This is why I wasn’t surprised when journalist Avishay Ben-Haim objected to the agreement. But the penny dropped as far as he’s concerned. If Netanyahu is Dreyfus, Ben-Haim is not his Emile Zola, but rather Herzl. He isn’t “only” the accuser, but the one who builds out of his trial a historical movement that is much bigger than the defendant, i.e., the visionary of the Second Israel.
I won’t forget how he explained that: “In my self-awareness I’m using him: ‘More than Netanyahu used the Second Israel, the Second Israel used Netanyahu.’ In my self-awareness I invented the narrative linking him to the ethnic schism, he wasn’t the one who invented it.”
I think Ben-Haim is right. From a historical perspective, and also thanks to Ben-Haim’s project of reviving the ethnic language, Netanyahu will be remembered as the emancipator of the Second Israel. In all irony – or poetic justice – he may, against his own will and that of the Second Israel, go down in history as the emancipator of the Third Israel (Israeli Arabs) as well.

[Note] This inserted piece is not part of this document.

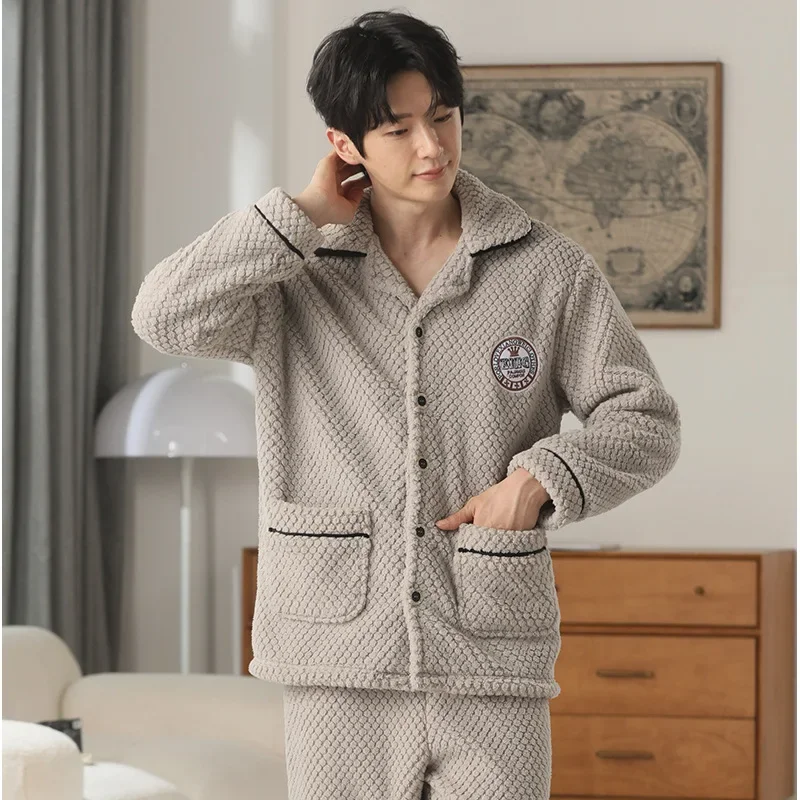 Fashion Design Pajamas Set Men Autumn Winter Flannel Thermal Lapel Coral Fleece Loungewear Suit Male Comfortable Warm Homewear cotton pajamas set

Will Netanyahu accept his sentence – the sentence of history, not of Avichai Mendelblit – and bleed for the Bibi-ist revolution? He, who wanted to go down in history as Israel’s defender against a Jewish nuclear holocaust, and who let the ethnic genie out of the bottle just to ask him for more votes? Is that what will remain of him in the end?
On the other hand, how can he back down after they’ve already bought his story and invested their entire symbolic capital in it?
Until a few weeks ago I was convinced Netanyahu envied Yitzhak Rabin his heroic death. This is how I understood his repeated complaints about threats on his life. Julius Caesar was stabbed 23 times. Jesus was crucified. Rabin was assassinated. What will become of Netanyahu? He’ll give a few lectures and grow old in Florida? Compete with Elon Musk?
It’s worth thinking twice before coming down from the cross and looking for a lawyer. Netanyahu is liable to destroy the mythical aspect of his life.